Star Ledger Editorial Board

In the shadow of Flint, Mich., lead poisoning has finally become a galvanizing issue in New Jersey. 

Nearly 1,000 children were poisoned with lead last year alone in our state, at levels that will shave an average of 7 points off their IQs, and often cause behavioral problems as well. The very least we can do is try to prevent this from happening to more kids. Thankfully, state leaders have offered several promising proposals, including two bills now up for debate.

The first, sponsored by Senate President Stephen Sweeney and Essex County lawmakers Teresa Ruiz and Ron Rice Sr., would require all school districts to immediately test for lead in their drinking water.

The second, to be introduced Monday by Assemblywoman Valerie Vainieri Huttle, would raise money for lead cleanup through recycling deposits on bottle sales. Newark Mayor Ras Baraka has expressed support for this, and also suggested a 5-cent tax on any plastic bag or bottle sold.

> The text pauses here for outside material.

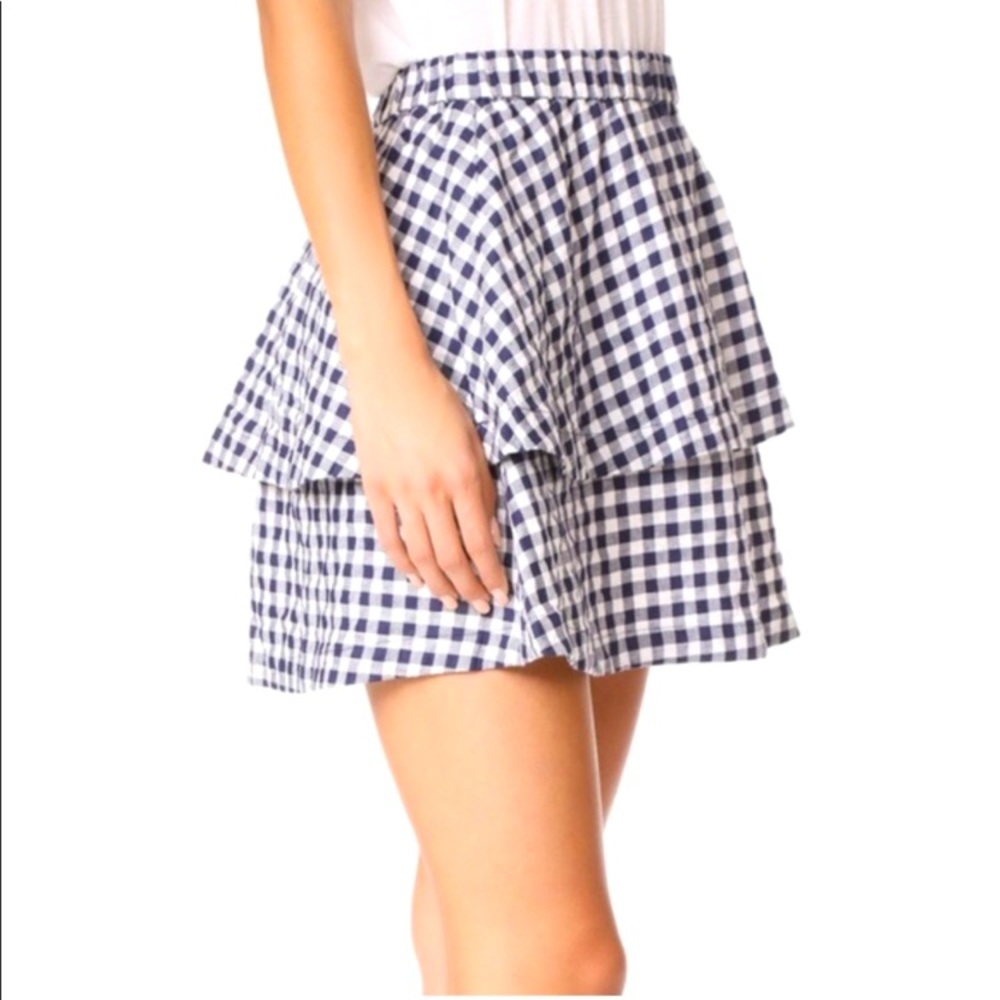 Madewell Navy Gingham Tiered Ruffle Mini Skirt Large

Start here: We obviously need to test every school, and Newark is ahead of the curve in that regard. The district, like Camden, is supplying bottled water in building with contaminated water. But many schools still aren't even testing, so their kids could be gulping down this poison even now. The first bill would provide $3 million for testing, and set aside $20 million to provide water filters.

But lead paint in homes is the bigger problem by far. Nearly 1 in 3 New Jersey homes were built when lead paint was common, and it would take billions to clean them all. 

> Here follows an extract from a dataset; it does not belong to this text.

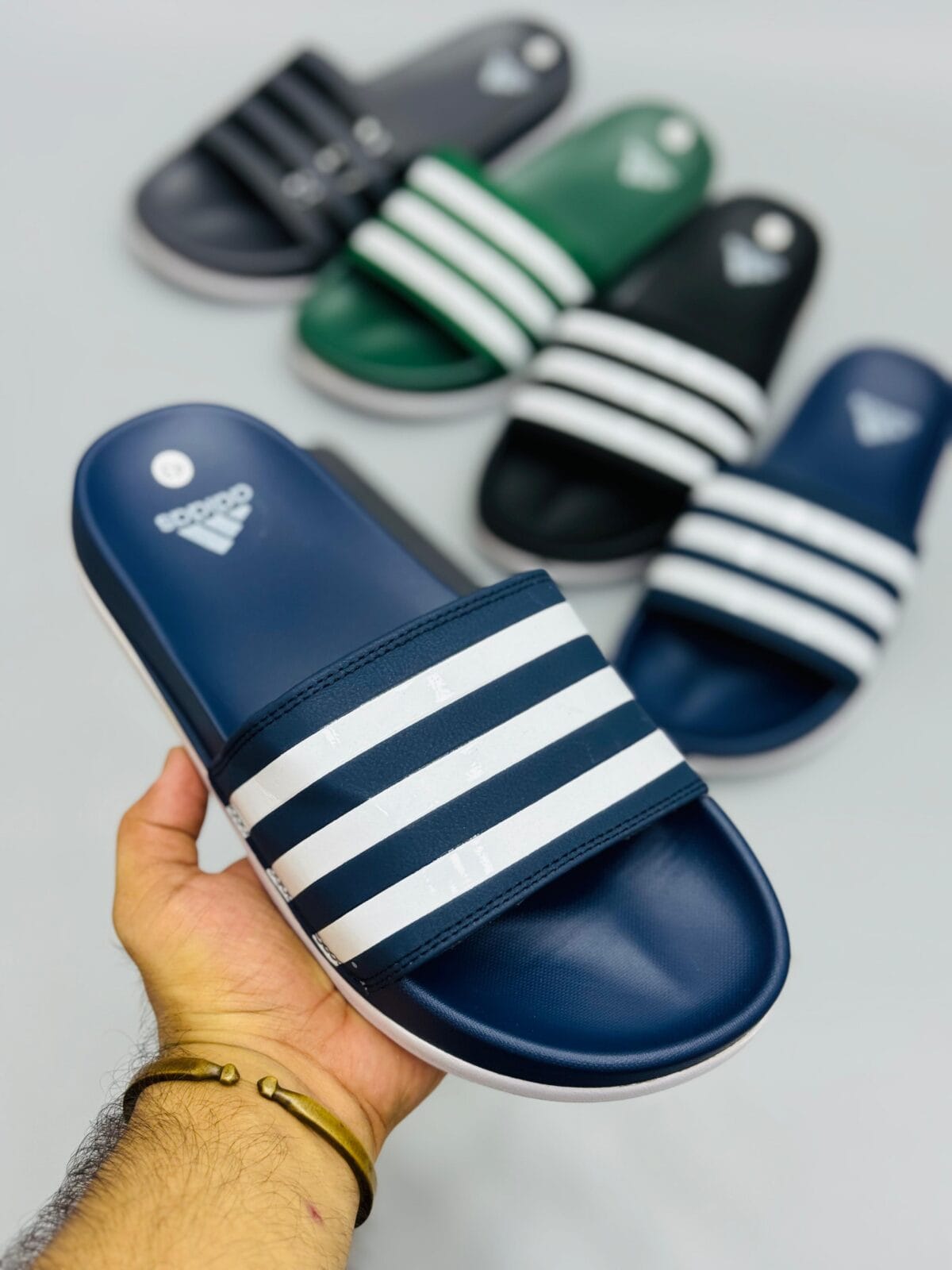 AD Adilette 3 Stipe Blue Slides - Image 3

But we have to start. Christie's budget would march the wrong way. He would again divert $10 million ntended for lead cleanups. He must be stopped this time.

Beyond that, schools will need help replacing piping and water fountains that contain lead. Huttle's idea is good, but probably not enough.

It allows people to turn in their plastic bottles to get a 10-cent deposit back, or offer that money for lead cleanup. New York takes in $15 million annually from a similar program. 

Aside from the lead crisis, it's worth noting that this could also help make New Jersey more environmentally friendly — because in addition to raiding the lead fund, Christie has raided tens of millions set aside to incentivize towns to recycle.

Say this for our governor: He sets the bar low. Christie has devoted zero dollars to controlling lead hazards in New Jersey. So no, we cannot do enough for these kids; but surely we can do better.